Anyway. There were other weird parts of this commercial — like, why is this woman wearing one six-inch fish earing?

Don’t you go zero 6-inch fish earrings or two 6-inch fish earrings? And why does this Taco Bell have a vase of flowers near the cashier? But those are small issues. The problem is obviously too much Brian Wilson.

*Note: I like Brian Wilson. It’s not easy to be different, and I respect him for having the courage. He seems like a good guy and I would buy him a real taco for sure if I had the chance. But I’m writing this with the presumption that you, like everybody else, find him deeply annoying. Which I sympathize with, because I also find him deeply annoying at times.

By my observations, the long version of this ad aired twice per game in both league championship series and in the World Series, and the shorter ad aired once per game.  That’s 75 seconds of Brian Wilson in 19 games, or a total of 23.75 minutes.

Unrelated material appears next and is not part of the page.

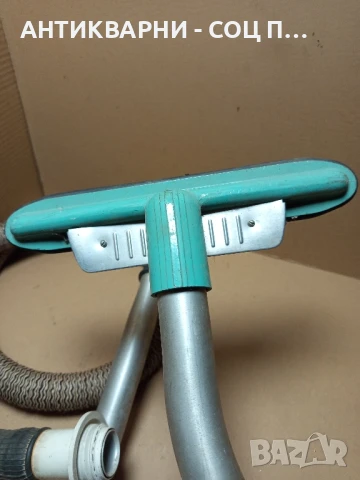 Соц Стар Маркуч За Ретро Прахосмукачки Прахосмукачка., снимка 4 - Антикварни и старинни предмети - 50813744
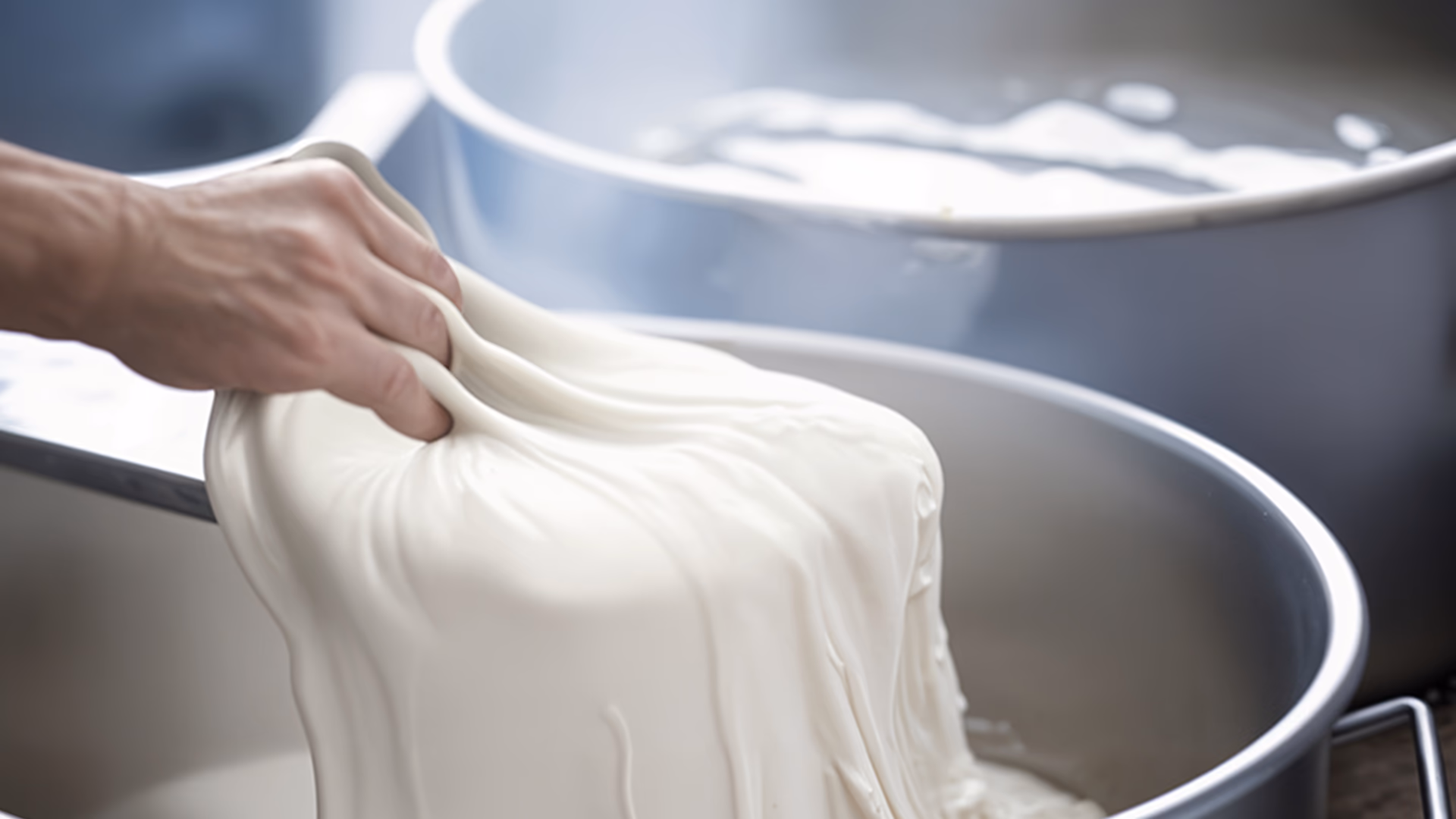 Mozzarella ve Taze İtalyan Peynirleri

He threw 11.67 innings in last year’s postseason, so at a rate of 10 minutes per half inning, he was on TV for nearly two hours. In other words, if 2010′s Brian Wilson exposure was this XXL Chalupa …

… then 2011′s Brian Wilson exposure was this XXL Chalupa:

Slowly, he is leaving us alone. Next October, he may be only a single shred of cheese.

So who will be the Taco Bell XXL Chalupa spokesman next year? If they follow the pattern of the past two years, it’ll be somebody from this year’s World Series winners. Probably one of:

  • Neftali Feliz. Pros: He’s a closer, like Wilson and Rivera. Cons: He might not be a closer next year.
  • Jason Motte. Pros: Beard, closer. Cons: Ask for Jason Motte, you end up with Lance Lynn get it guys seriously.
  • C.J. Wilson. Pros: A lot of people consider him just as annoying as Wilson. Cons: Is he vegan? I feel like he might be vegan.
  • Derek Holland. Pros: He does impressions? Cons: His mom would have to sign the release.
  • Ron Washington. Pros: Do the Wash. DO IT. Cons: He seems to have some dignity.
  • Mike Napoli. Pros: Nah, it’s going to be Ron Washington.

Whoever it ends up being (it’s going to be Washington) should be careful. Brian Wilson was already wearing thin, but this commercial made Brian Wilson very, very unpopular.

Bronies. Brian Wilson is ahead of Bronies.